• Muon stands for MomentUm Orthogonalized by Newton-Schulz and was invented by Keller Jordan.
  • The key idea: Instead of applying Adam-style per-element adaptive updates to model parameters, Muon orthogonalizes the momentum matrix before using it as the update direction.

Table of Contents

Appendix


Moonshot AI, creator of Kimi, pioneered the improvements to Muon (MuonClip) which I dive into in detail in this post. But they have an article on X with more academic details on why they chose Muon titled “Why We Chose Muon: Our Chain of Thought”1 by Jianlin Su, the first author of RoPE (Rotary Position Embedding).


This blog post is directly from my personal handwritten notes on studying Muon & MuonClip. I posted those notes on X.


Adam Optimizer

Let’s start by looking at Adam optimizer, the most common optimizer for training neural networks, which I cover in this article guide on common deep learning optimizers. Adam stands for Adaptive Moment Estimation.

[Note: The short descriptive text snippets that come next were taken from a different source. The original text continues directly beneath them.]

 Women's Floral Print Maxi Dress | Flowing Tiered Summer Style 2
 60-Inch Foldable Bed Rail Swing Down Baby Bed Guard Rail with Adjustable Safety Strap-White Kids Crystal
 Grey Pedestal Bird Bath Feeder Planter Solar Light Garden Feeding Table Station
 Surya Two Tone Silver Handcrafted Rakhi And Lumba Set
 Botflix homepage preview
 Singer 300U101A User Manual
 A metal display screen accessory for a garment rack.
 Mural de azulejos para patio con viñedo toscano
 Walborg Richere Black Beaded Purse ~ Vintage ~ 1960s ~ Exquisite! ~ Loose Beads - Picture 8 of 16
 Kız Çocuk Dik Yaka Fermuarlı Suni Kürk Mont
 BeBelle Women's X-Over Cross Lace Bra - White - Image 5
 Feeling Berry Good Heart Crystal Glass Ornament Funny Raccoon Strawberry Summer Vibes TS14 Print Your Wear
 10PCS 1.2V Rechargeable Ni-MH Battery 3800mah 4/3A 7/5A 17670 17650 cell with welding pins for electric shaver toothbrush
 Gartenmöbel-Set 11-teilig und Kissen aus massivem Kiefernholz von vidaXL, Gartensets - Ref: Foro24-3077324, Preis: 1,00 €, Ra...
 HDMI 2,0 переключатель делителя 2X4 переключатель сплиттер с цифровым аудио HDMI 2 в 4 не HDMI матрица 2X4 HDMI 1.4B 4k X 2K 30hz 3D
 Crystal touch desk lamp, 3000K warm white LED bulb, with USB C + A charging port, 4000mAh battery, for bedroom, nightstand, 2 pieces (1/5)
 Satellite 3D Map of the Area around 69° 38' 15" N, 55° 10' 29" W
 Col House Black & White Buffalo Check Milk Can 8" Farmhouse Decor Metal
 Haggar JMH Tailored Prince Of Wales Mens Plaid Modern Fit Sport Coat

It combines momentum and adaptive learning rates so the model not only remembers the direction it has been moving in, but also adjusts how big each step should be for every parameter. More specifcally, it combines momentum (first moment) and RMSProp (second moment) with bias corrections to handle noisy gradients and early training instability.2 The forward pass looks like:

model learning

Gradient Descent

Gradient descent updates the model parameters by stepping in the direction that reduces the loss, using the gradient as a guide for how to adjust each parameter. The momentum and velocity terms refine this process by smoothing past gradients and scaling updates adaptively, which helps stabilize training and converge faster, especially in noisy or complex loss landscapes.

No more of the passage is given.